Marlene A. Vieira, Bjørn H. Handegård, John A. Rønning, Cristine S. Duarte, Jair J. Mari and Isabel A. Bordin* Pages 29 - 40 ( 12 )
Background: Adolescents and parents often disagree about the perception of bullying victimization since adults tend to underestimate its occurrence.
Objective: This study identifies factors that can influence maternal perception of bullying victimization experienced by her son/daughter in the past 12 months.
Methods: This cross-sectional study involved a representative sample of in-school adolescents (n=669, 11-15-years) living in Itaboraí city, Brazil (mean age±SE: 13.01±0.07 years; 51.7% females). A 3-stage probabilistic sampling procedure (random selection of census units, eligible households and target child) generated sampling weights. Trained lay interviewers individually applied semi-structured questionnaires to mothers and adolescents in the households.

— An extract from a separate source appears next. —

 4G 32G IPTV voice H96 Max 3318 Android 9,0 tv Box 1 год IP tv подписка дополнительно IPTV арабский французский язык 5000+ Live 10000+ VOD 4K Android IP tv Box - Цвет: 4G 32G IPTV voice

Multivariable logistic regression analysis examined factors potentially influencing maternal perception of bullying victimization experienced by her son/daughter: adolescent gender and age, adolescent self-perceived bullying victimization, exposure to severe physical punishment by parents, internalizing/externalizing behaviour problems identified by the Youth Self-Report/YSR, maternal education and maternal anxiety/depression identified by the 20-item Self-Reporting Questionnaire/SRQ-20.
Results: Univariable logistic regression analysis identified a strong association between adolescent self-perceived bullying victimization and maternal perception of bullying victimization experienced by her son/daughter. Multivariable models showed that adolescent perception influenced maternal perception when adolescents had no clinical internalizing behaviour problems and when mothers had higher education.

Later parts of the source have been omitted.